- **EXERCISE**: Omit the images. Copy each entry word for word.

- **Dataset excerpts**:
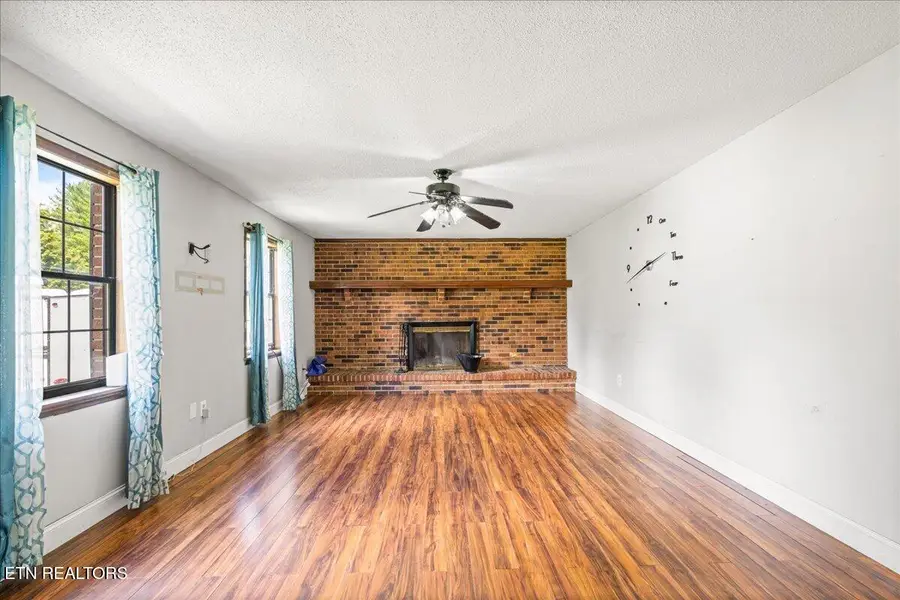 211 Evans Rd, Jacksboro, TN 37757 - #2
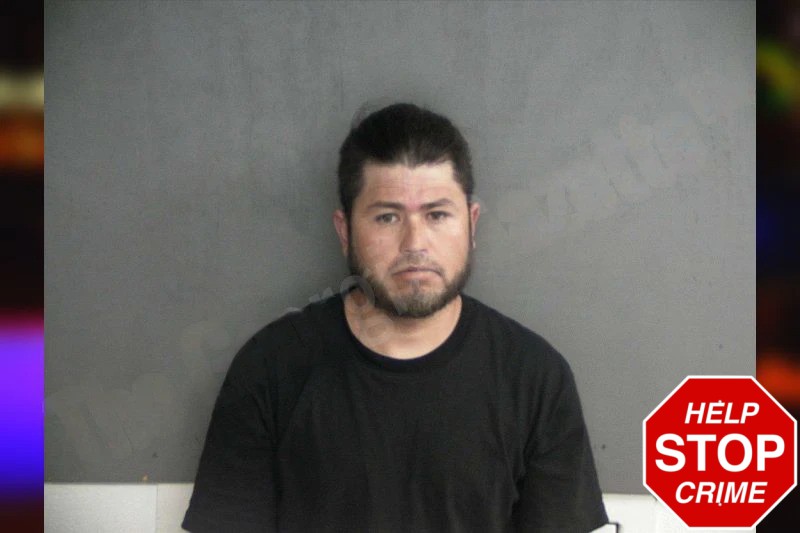 Oliverio Sustaita Mugshots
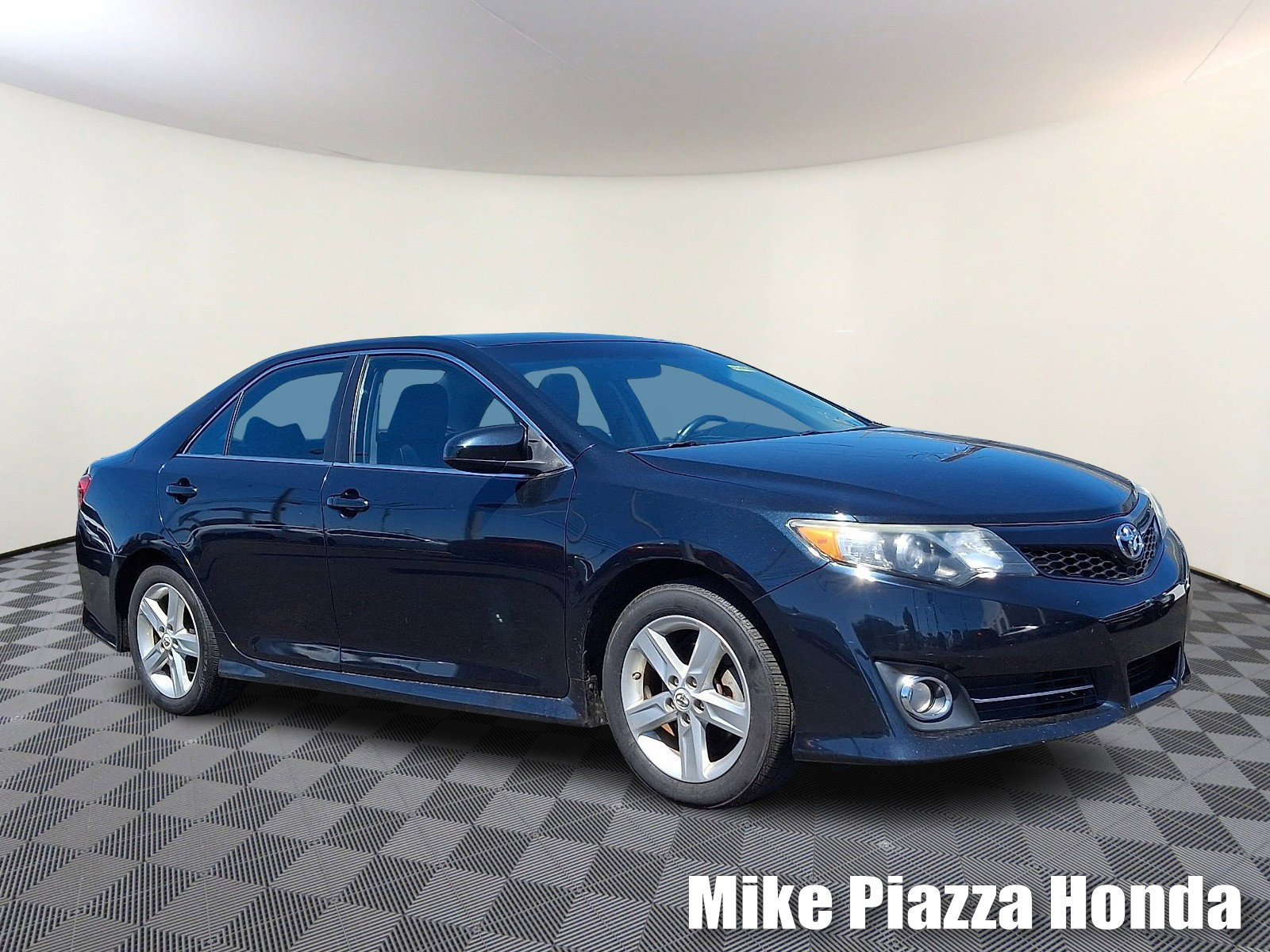 Used 2013 Toyota Camry SE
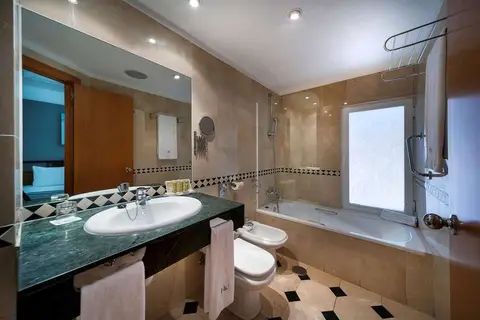 Eurostars Mediterranea Plaza in Alicante — foto 29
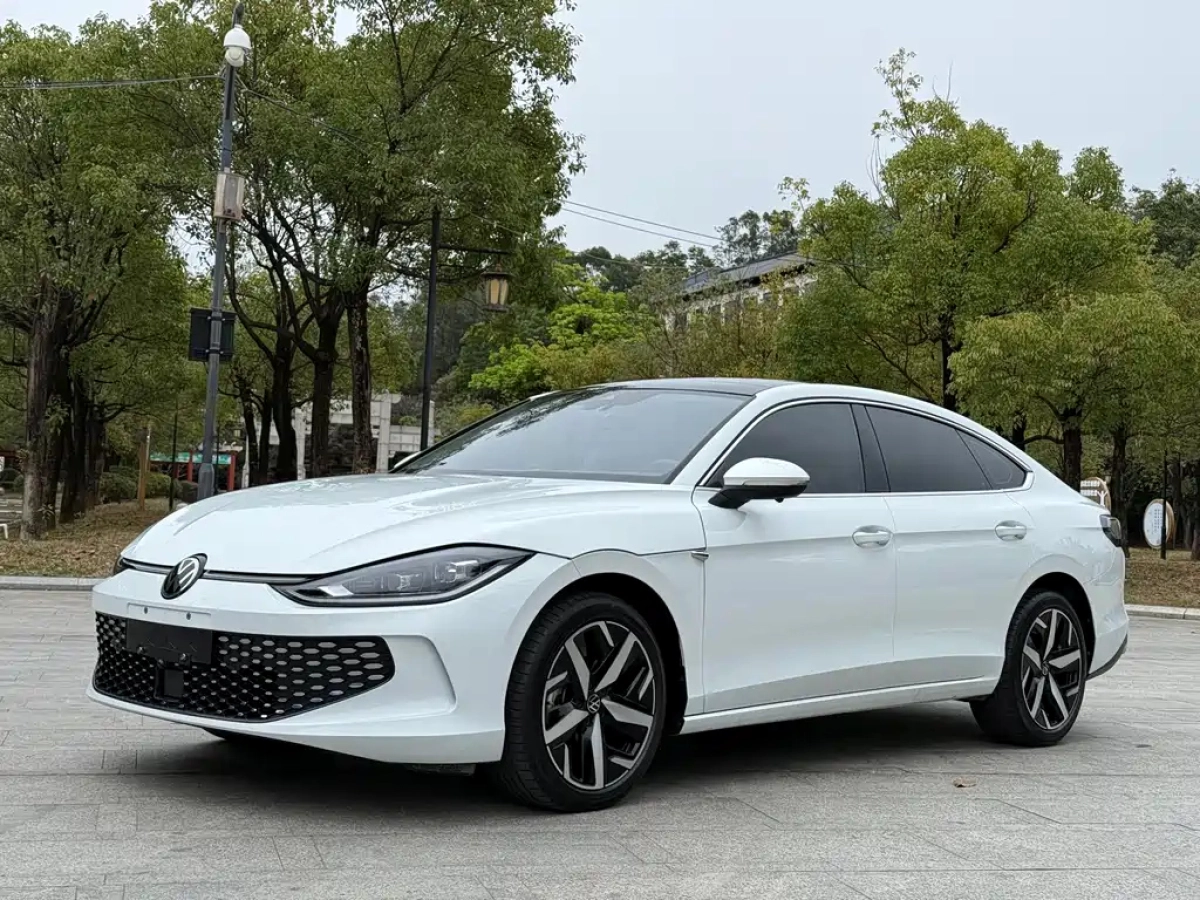 VOLKSWAGEN LAMANDO  2025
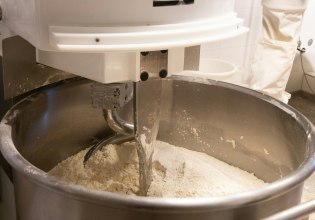 Δαμάσι: Φρικτός θάνατος για 49χρονη μητέρα δύο παιδιών – Πώς εγκλωβίστηκε σε μηχάνημα ζυμώματος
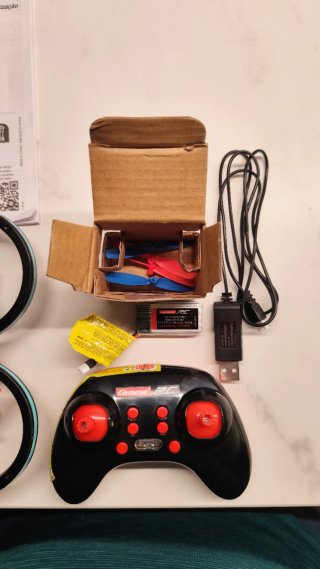 Carrera RC Nintendo Mini Mario-Copter Drone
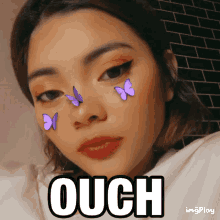 Ouch It GIF - Ouch It Hurts GIFs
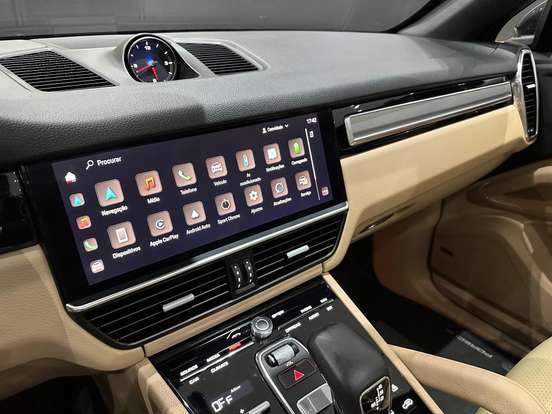PORSCHE-CAYENNE-2022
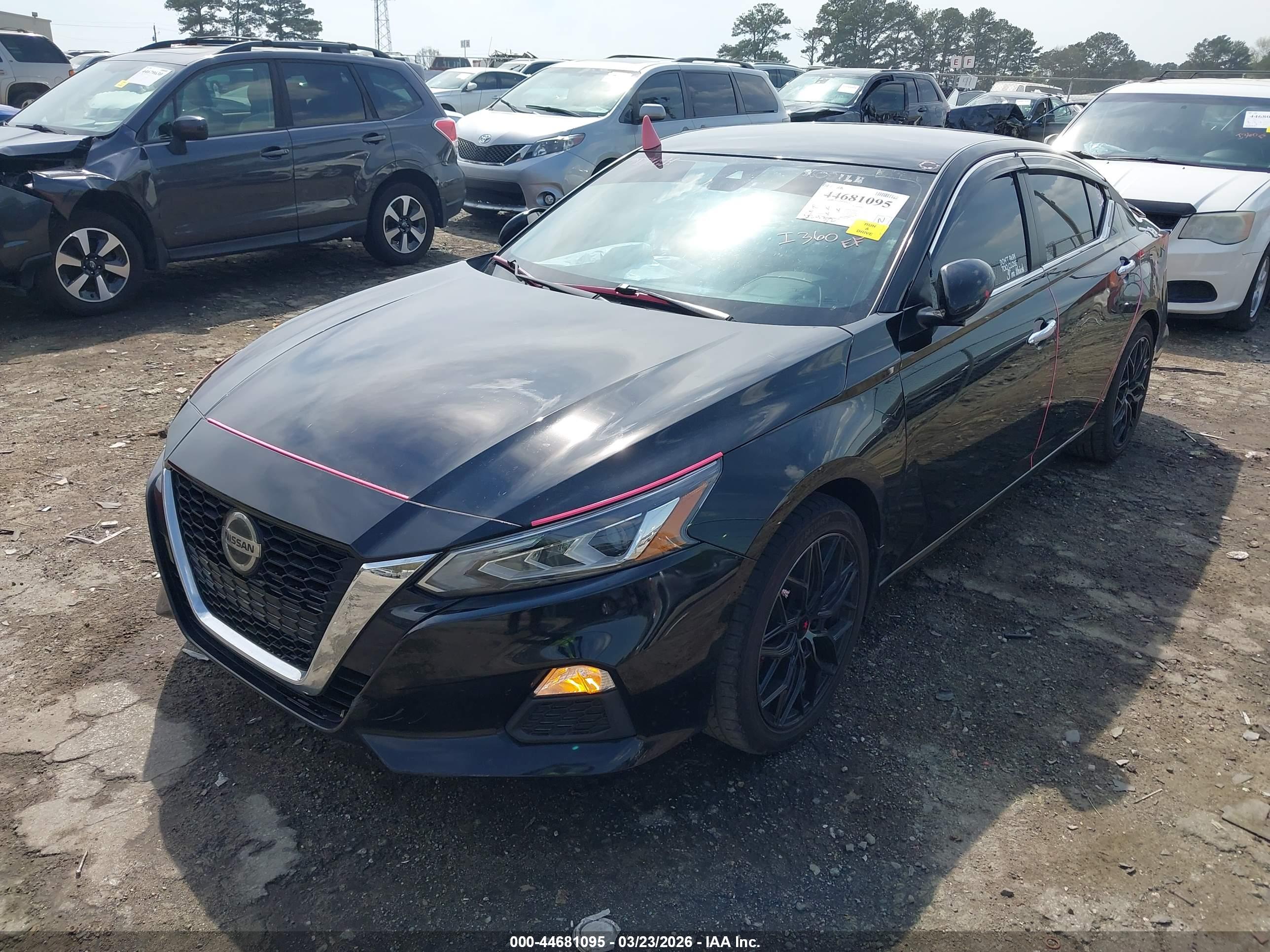 NISSAN ALTIMA image 2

- **EXERCISE OUTPUT**:
 211 Evans Rd, Jacksboro, TN 37757 - #2
 Oliverio Sustaita Mugshots
 Used 2013 Toyota Camry SE
 Eurostars Mediterranea Plaza in Alicante — foto 29
 VOLKSWAGEN LAMANDO  2025
 Δαμάσι: Φρικτός θάνατος για 49χρονη μητέρα δύο παιδιών – Πώς εγκλωβίστηκε σε μηχάνημα ζυμώματος
 Carrera RC Nintendo Mini Mario-Copter Drone
 Ouch It GIF - Ouch It Hurts GIFs
PORSCHE-CAYENNE-2022
 NISSAN ALTIMA image 2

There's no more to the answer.